In closing statements, prosecutors also accused Memorial of “creating a false image of the USSR as a terrorist state” and said the group “whitewashes and rehabilitates Nazi criminals.”
During a recent meeting with the Presidential Human Rights Council, Vladimir Putin responded to a question about the federal case against International Memorial by pointing out that the group accidentally listed three Nazi combatants among the victims of the Stalinist Terror. Memorial’s executives say the group’s shortage of resources makes such errors possible, and researchers do their best to correct any inaccuracies as quickly as possible.
Memorial’s attorneys deny the Attorney General’s allegations, insisting that there are no legal grounds for the dissolution order. After the verdict was announced on Tuesday, defense lawyers vowed to appeal the decision and to turn to the European Court of Human Rights, if necessary.

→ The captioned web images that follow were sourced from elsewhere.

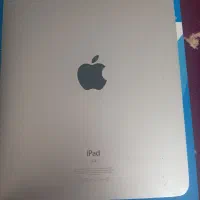 ایپدA1219   ایفون5c  وایفون4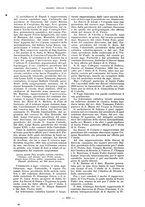 giornale/RML0025559/1899/unico/00000839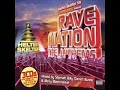 music so wonderful dj vibes remix
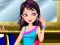 Hra Cute Diva Makeover online
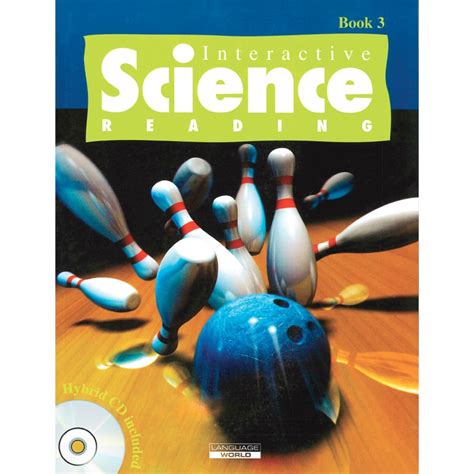 Download Pdf Interactive Science Student Book Grade 1 Interactive Science Grade 1 - Interactive Science Grade 1
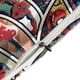 thumbnail image 4 of Venom Bedding Comforter Sets 3-Piece Bedding Set Soft Warm Bed Set for Bedroom All Season Bed Sheets, 4 of 5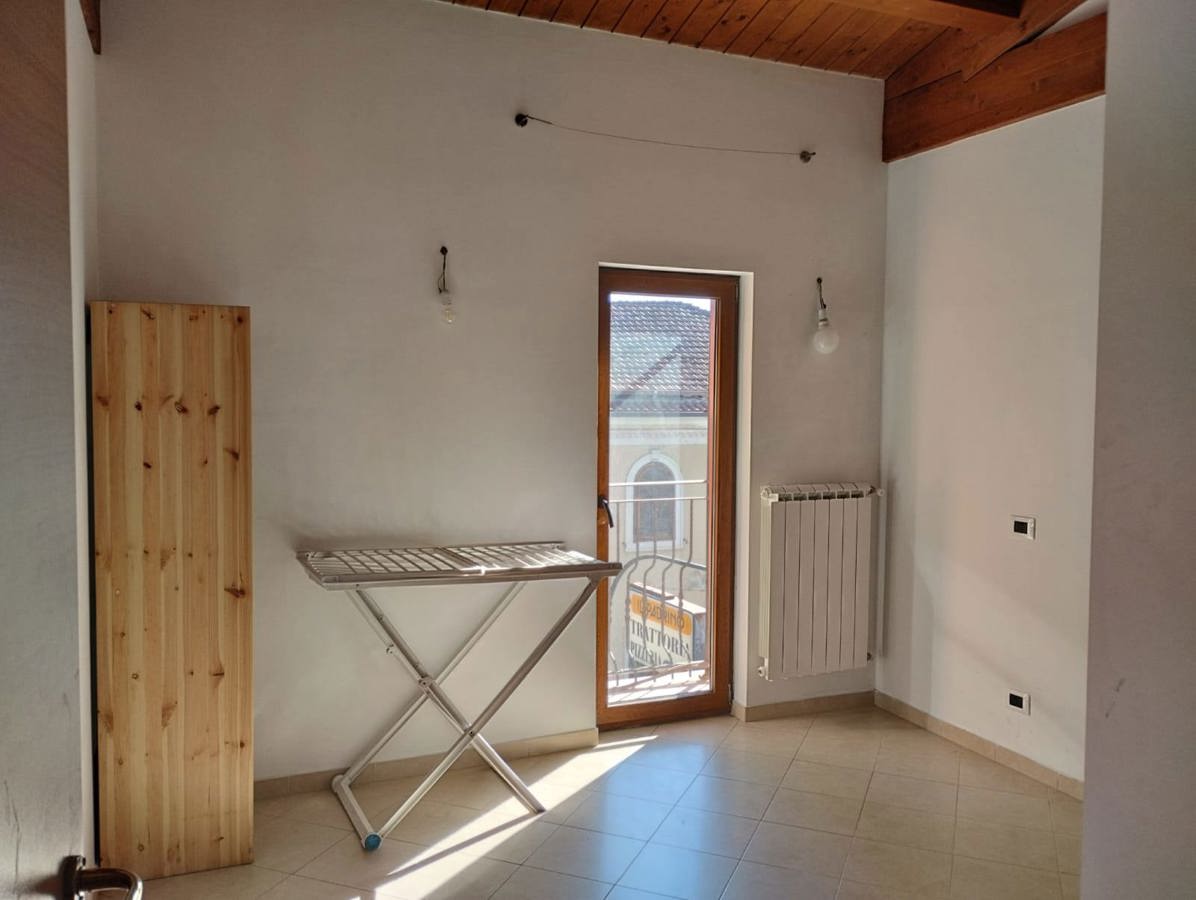 Foto 19 di 27 - Appartamento in affitto a Avezzano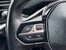 Peugeot 5008 1.5 BlueHDi Allure Euro 6 (s/s) 5dr 32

The Moscow City Court is scheduled to hear a similar lawsuit against Memorial’s human rights branch tomorrow, on December 29.
In recent weeks, dozens of organizations from across Russia and around the world, as well as politicians, scientists, and cultural figures, have expressed their support for Memorial. The group’s defenders include former Soviet leader Mikhail Gorbachev and Nobel Peace Prize laureate and Novaya Gazeta editor-in-chief Dmitry Muratov.